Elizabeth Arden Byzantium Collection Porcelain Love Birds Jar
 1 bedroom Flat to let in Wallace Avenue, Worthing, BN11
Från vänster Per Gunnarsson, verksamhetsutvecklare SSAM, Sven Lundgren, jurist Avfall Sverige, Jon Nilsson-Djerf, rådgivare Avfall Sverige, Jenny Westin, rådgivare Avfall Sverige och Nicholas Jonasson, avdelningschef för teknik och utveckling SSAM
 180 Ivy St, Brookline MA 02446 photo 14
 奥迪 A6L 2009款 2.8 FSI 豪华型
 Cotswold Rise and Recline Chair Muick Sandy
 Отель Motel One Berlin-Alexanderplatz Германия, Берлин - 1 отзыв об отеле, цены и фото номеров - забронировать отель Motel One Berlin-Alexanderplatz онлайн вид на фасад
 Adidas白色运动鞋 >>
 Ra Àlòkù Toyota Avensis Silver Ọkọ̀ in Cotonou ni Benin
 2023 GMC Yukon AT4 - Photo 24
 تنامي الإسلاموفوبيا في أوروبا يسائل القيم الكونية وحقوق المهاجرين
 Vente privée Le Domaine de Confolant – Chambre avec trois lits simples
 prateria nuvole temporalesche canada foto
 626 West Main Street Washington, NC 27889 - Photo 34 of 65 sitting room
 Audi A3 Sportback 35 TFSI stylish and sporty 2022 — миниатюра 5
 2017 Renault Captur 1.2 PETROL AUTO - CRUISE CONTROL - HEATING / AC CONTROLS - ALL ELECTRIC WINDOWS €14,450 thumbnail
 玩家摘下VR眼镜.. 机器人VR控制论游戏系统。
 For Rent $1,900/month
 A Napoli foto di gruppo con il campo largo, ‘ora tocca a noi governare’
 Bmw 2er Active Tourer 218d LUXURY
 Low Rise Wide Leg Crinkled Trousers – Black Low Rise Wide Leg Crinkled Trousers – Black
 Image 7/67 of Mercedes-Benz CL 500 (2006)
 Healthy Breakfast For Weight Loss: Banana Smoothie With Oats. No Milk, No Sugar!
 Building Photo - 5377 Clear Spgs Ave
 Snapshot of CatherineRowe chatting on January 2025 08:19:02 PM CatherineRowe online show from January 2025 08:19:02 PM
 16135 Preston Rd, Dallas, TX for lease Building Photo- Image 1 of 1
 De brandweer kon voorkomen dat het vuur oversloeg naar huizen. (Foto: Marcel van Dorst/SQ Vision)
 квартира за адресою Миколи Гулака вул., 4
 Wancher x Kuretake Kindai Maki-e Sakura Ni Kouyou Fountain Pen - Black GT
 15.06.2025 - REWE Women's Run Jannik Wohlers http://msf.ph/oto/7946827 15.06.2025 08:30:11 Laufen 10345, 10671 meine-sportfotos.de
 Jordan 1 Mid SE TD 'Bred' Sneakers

....

### Work item
Everything from the first line of the records above to the line containing "180 Ivy St, Brookline MA 02446 photo 14", inclusive, should be repeated exactly; leave out the rest.

### Your solution
Elizabeth Arden Byzantium Collection Porcelain Love Birds Jar
 1 bedroom Flat to let in Wallace Avenue, Worthing, BN11
Från vänster Per Gunnarsson, verksamhetsutvecklare SSAM, Sven Lundgren, jurist Avfall Sverige, Jon Nilsson-Djerf, rådgivare Avfall Sverige, Jenny Westin, rådgivare Avfall Sverige och Nicholas Jonasson, avdelningschef för teknik och utveckling SSAM
 180 Ivy St, Brookline MA 02446 photo 14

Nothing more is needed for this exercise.